Quand un film comme Alien Covenant et moi sommes réunis face à face, et qu'à sa contemplation se succèdent divers échos de ce qui m'est cher, de ce qui me parle, et qu'enfin, celui-ci m'amène au sentiment de me dresser en de terres élevées, alors je semble comme m'approcher d'un monde avec lequel je me sens bien plus lié que le notre.

C'est là la principale raison qui fait que Alien Covenant, malgré tout ce que l'on pourra en dire, je l'aime et je le porte en mon estime. Parce-qu'il est rare qu'une œuvre en son propos cache un cœur si à part et si peu installé dans le commun. Parce-qu'il m'est si peu aisé de développer une attache profonde et que je porte à cœur les films qui réussissent à me détacher de cet état dans lequel on ne sait trouver de lien à tisser et par lequel s'illuminer.
L'ombre est mon âme, la lumière est celle des autres, ainsi le monde semble t-il être fait. Sembla t-il du moins, car il y a plusieurs ombres, mais celles-ci errent solitaires, la lumière n'en veut pas. Même le cheval d'Alexandre a eu peur de sa propre ombre.

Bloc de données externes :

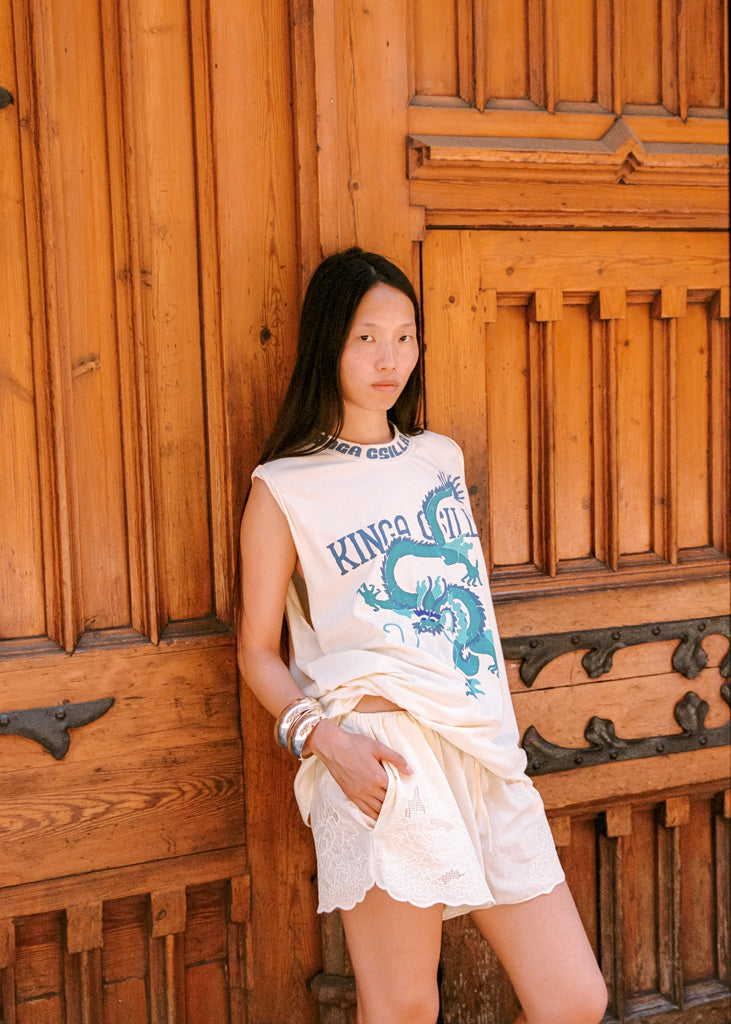 A woman stands against a rustic wooden door wearing a cream sleeveless top with a blue dragon graphic and the text 'KINGA CSILLA', paired with matching cream lace shorts.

Covenant est un film en ce sens qui voit double. Il sait que le spectateur qu'il vise personnellement aime se retrouver ne serait-ce qu'un peu là-dedans. C'est pourquoi il va mettre en scène à l'intérieur de lui-même cette relation, au travers du lien qui s'unira entre deux personnages qui s'incarnent en des aspects communs qui les rendent à part.
Cette vision double est inscrite dans cette marque spirituel;e qui va fonder l'intérêt du film. Intérêt grand à n'en pas douter pour le deuxième chapitre de la saga Prometheus qui se voit pourtant s'opposer à lui les diverses protestations de critiques acerbes.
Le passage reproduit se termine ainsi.